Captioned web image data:
..........

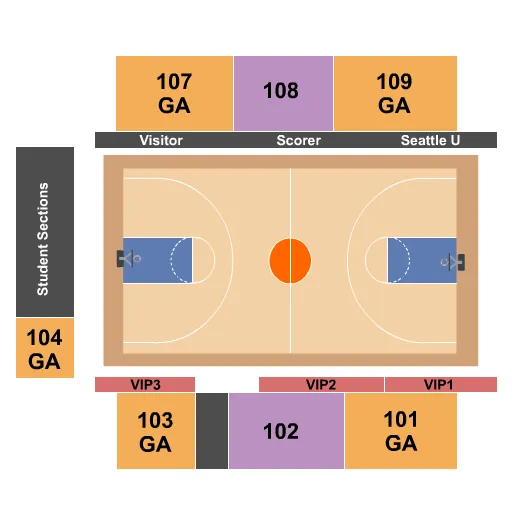 Basketball Seating Chart at Redhawk Center. The chart shows the main floor/stage with seating options surrounding it, which are color coded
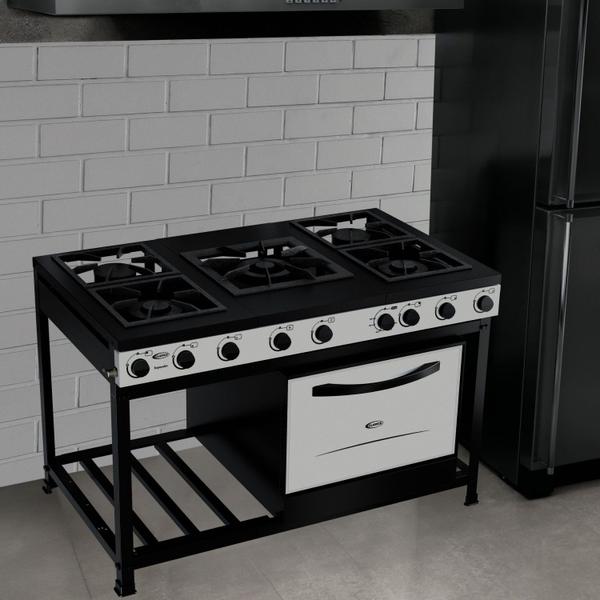 Fogão Semi-industrial 5 Queimadores com Forno 112 - Clarice Eletrodomésticos Imagem de Fogão Semi-industrial 5 Queimadores com Forno 112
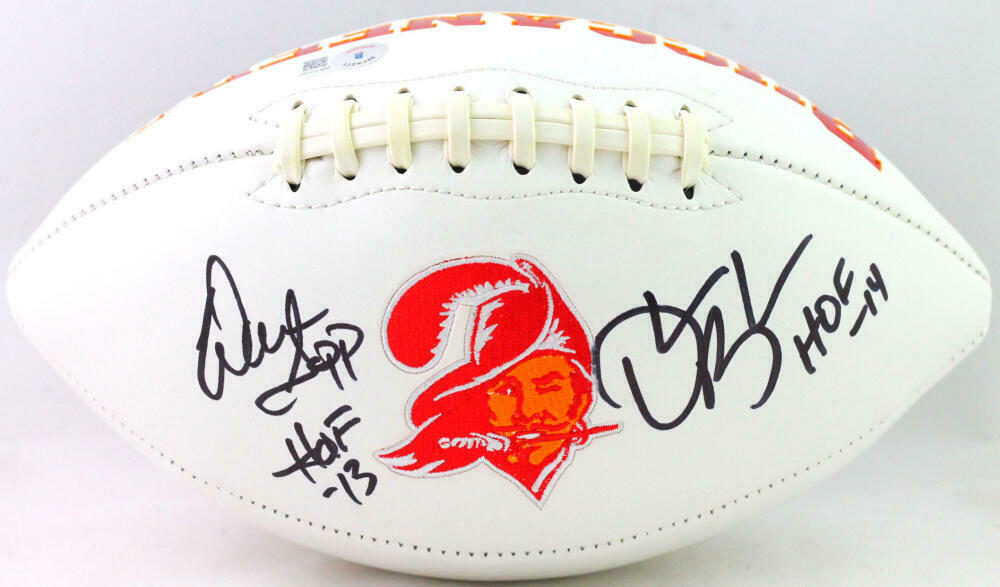 Warren Sapp/Derrick Brooks Tampa Bay Buccaneers Signed Buccaneers Logo Football with HOF *Black (BAS COA)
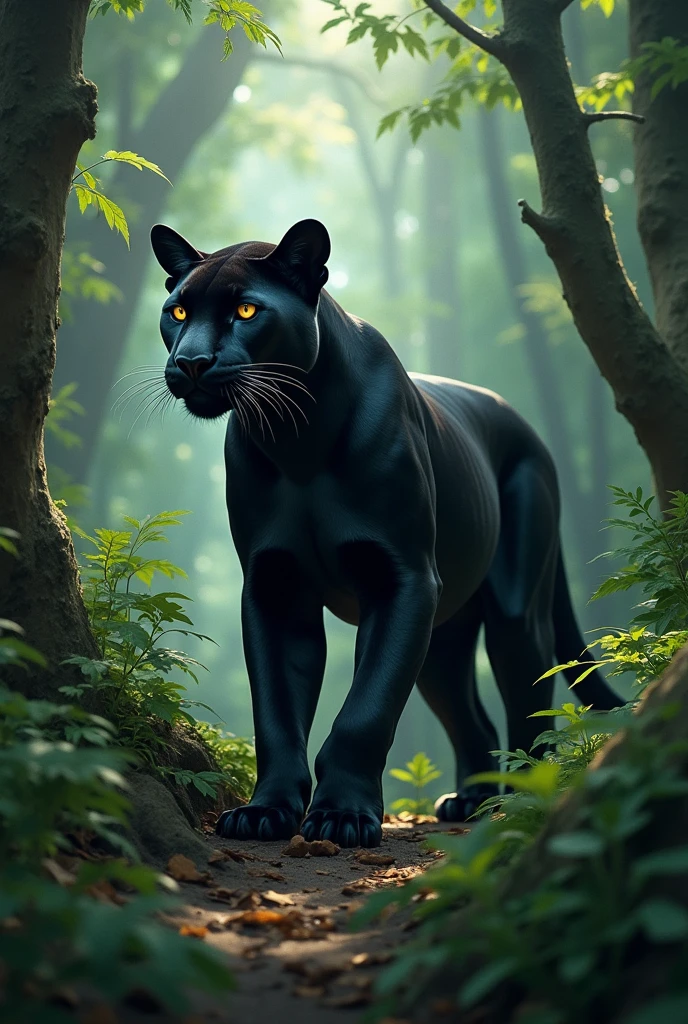 panthers in an Atlantis-type forest environment 
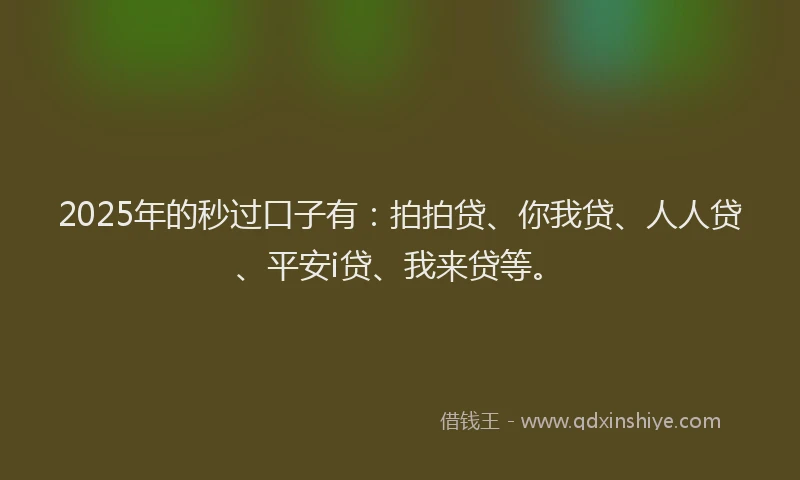 2025年的秒过口子有：拍拍贷、你我贷、人人贷、平安i贷、我来贷等。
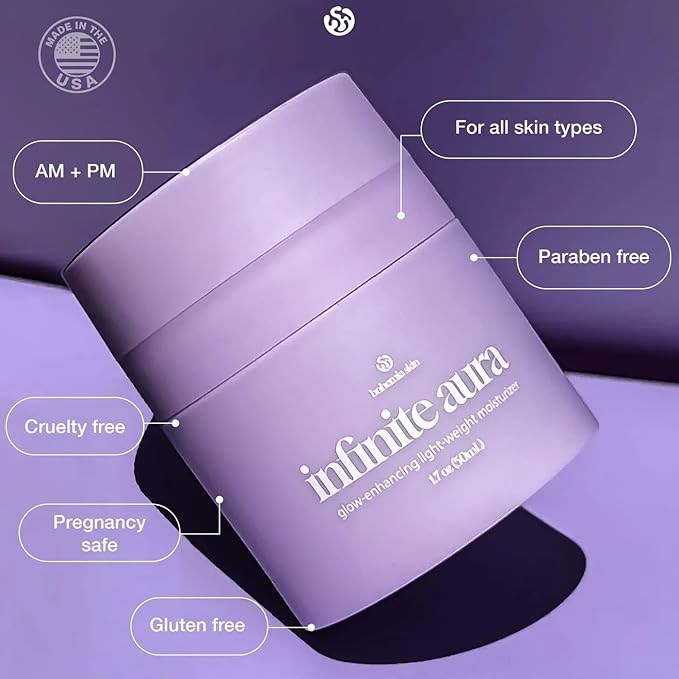 Kay’s Glow Serum + Infinite Aura Moisturizer – Oxygen-Infused THDA Vitamin C with Gentle AHA for Face and neck | Hydrates, Soothes and Brightens Bundle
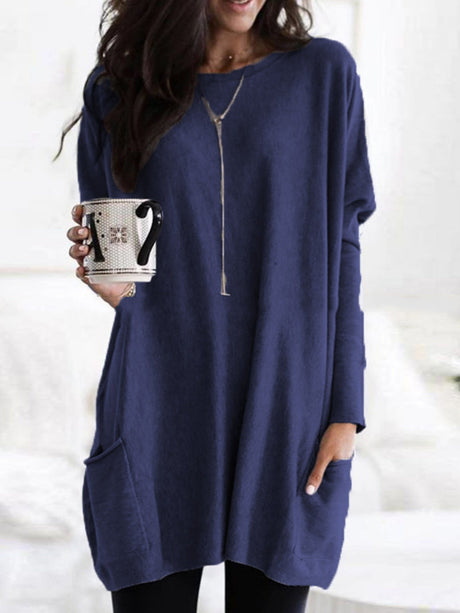Pocket Round Neck Long Sleeve T-shirts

..........

§ **Exercise requirements**
Please return all of the entries word for word, excluding the pictures.

§ **Exercise response**
 Basketball Seating Chart at Redhawk Center. The chart shows the main floor/stage with seating options surrounding it, which are color coded
 Fogão Semi-industrial 5 Queimadores com Forno 112 - Clarice Eletrodomésticos Imagem de Fogão Semi-industrial 5 Queimadores com Forno 112
 Warren Sapp/Derrick Brooks Tampa Bay Buccaneers Signed Buccaneers Logo Football with HOF *Black (BAS COA)
 panthers in an Atlantis-type forest environment 
 2025年的秒过口子有：拍拍贷、你我贷、人人贷、平安i贷、我来贷等。
 Kay’s Glow Serum + Infinite Aura Moisturizer – Oxygen-Infused THDA Vitamin C with Gentle AHA for Face and neck | Hydrates, Soothes and Brightens Bundle
Pocket Round Neck Long Sleeve T-shirts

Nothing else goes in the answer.